Australian
mining giant
BHP Billiton is striking back on the issue of
coking coal supply contracts, according to a report in the Italian business newspaper Il Sole 24 Ore. The group, which controls 25 percent of global
coking coal supplies through its
BHP-Mitsubishi Alliance joint venture (BMA), is exerting pressure on Japanese customers, in order to persuade them to adopt monthly contracts. Related reports have been circulating for a week in the Japanese media and have now been confirmed by two prominent Japanese steelmakers - Sumitomo Metals and
JFE Steel. Mr Eiji Hayashida, president of
JFE Steel and chairman of the
Japan Iron and Steel Federation, said, "We strongly oppose such a change and we will never accept it". "Steelmakers' earnings would become unpredictable and steel-consuming companies would not be able to draw up stable
production plans if prices change frequently," he added.

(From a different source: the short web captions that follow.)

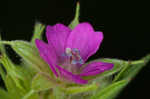 Cutleaf geranium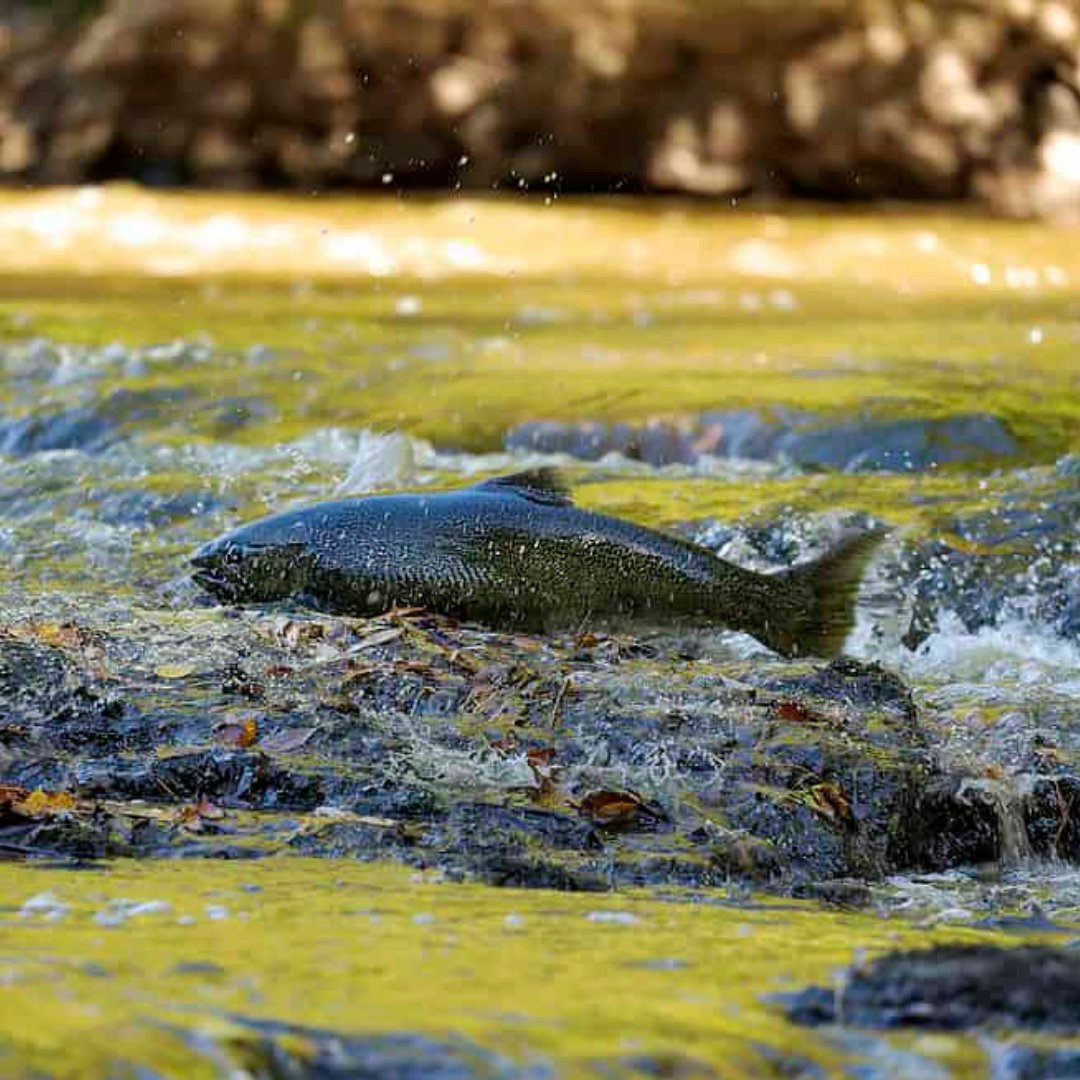 PattyMurray's tweet photo. A new Trump rule would make it legal to kill and injure these WA-native species by destroying their habitats:

Southern Resident Orcas
Grizzly Bears
Chinook & Sockeye Salmon
Northern Spotted Owl
Steelhead Trout
Wolverines
Canada Lynx
Woodland Caribou
Gray Wolf
Columbian White-tailed Deer
Columbia Basin Pygmy Rabbit
Loggerhead, Leatherback, and Green Sea Turtles
Humpback, Killer, Blue, Sei, Sperm, & Fin Whales
Chum Salmon
Bull Trout
Marbled Murrelet
Oregon Spotted Frog
Yellow-billed Cuckoo
Streaked Horned Lark
Mazama Pocket Gophers
Taylor's Checkerspot & Island Marble Butterflies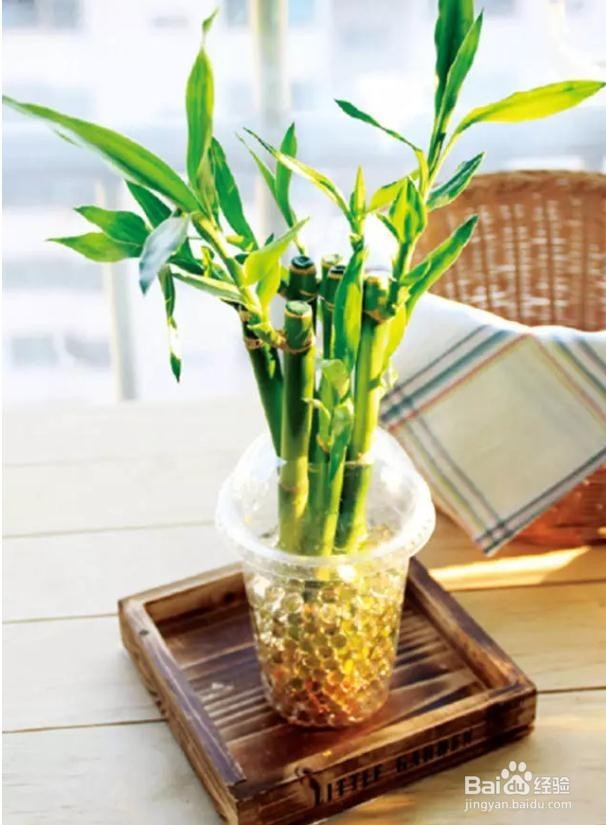 最适合懒人养的植物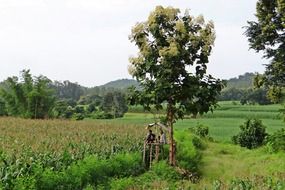 trees near corn fields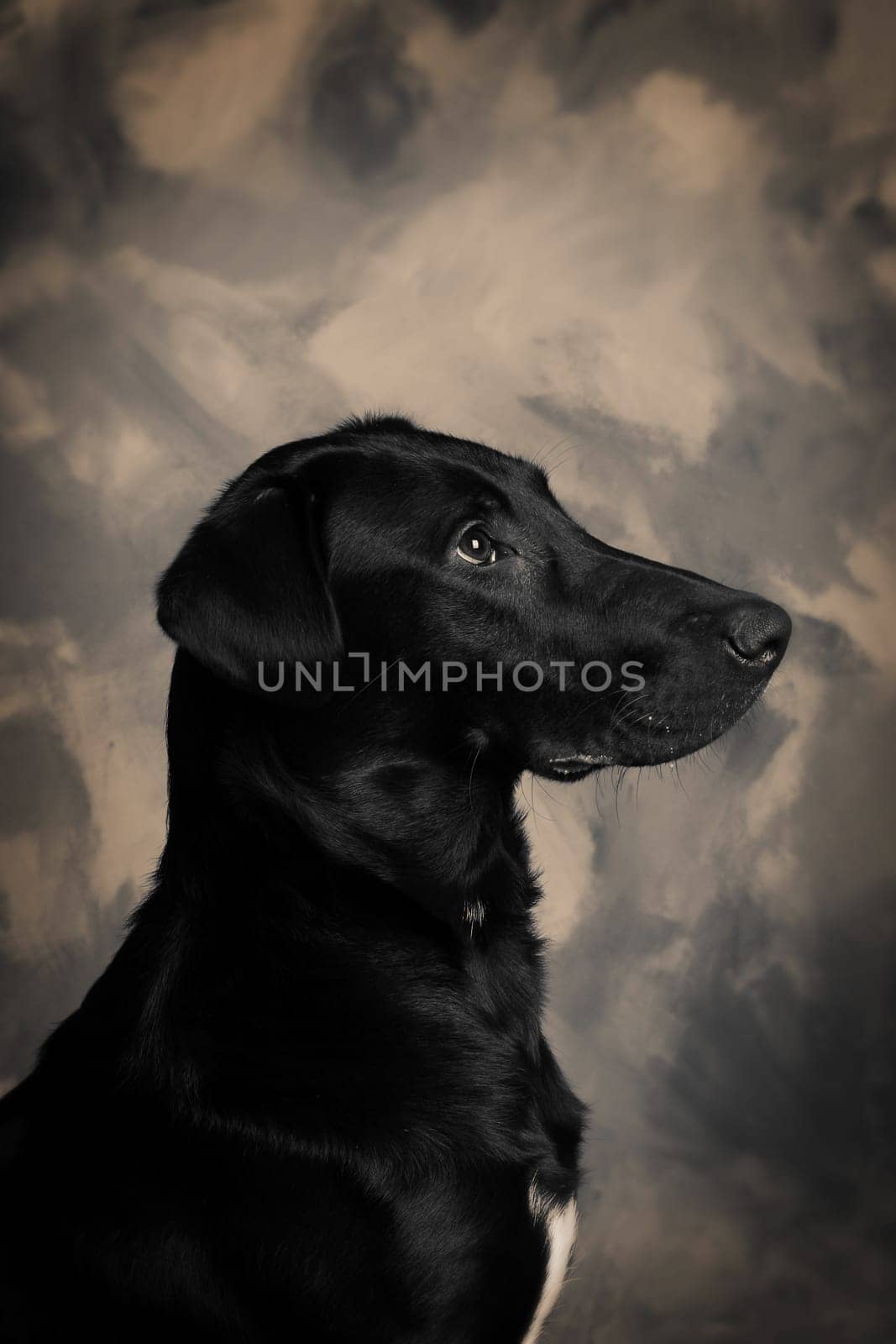 black labrador dog. portrait of pet animal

Japan Metal Bulletin has said that
BHP Billiton, starting from April 1, wants monthly pricing to replace quarterly pricing for half the volume of its coal supply to the Japanese steelmakers. No one has disclosed details on the proposal, which is under negotiation, but it can be assumed that the price resets are meant to be automatic and based on an index (as for the quarterly contracts). Some analysts are skeptical whether
BHP can successfully push through the desired change. "It seems very difficult to accelerate the transition to shorter-term pricing both because of cultural reasons and also because of lack of information," said analyst Andrew Harrington of Patersons Securities. In fact, quarterly resets are based on an index pricing of spot coals of different qualities, whereas no index exists for spot
coking coal prices, and the source of most of the relevant data is BMA itself.
Meanwhile, price predictions are alarming: analysts think that, due to the floods in
Australia and the strong demand from China, coal prices will rise by 35 percent over the current quarter, to $300/mt on the spot market.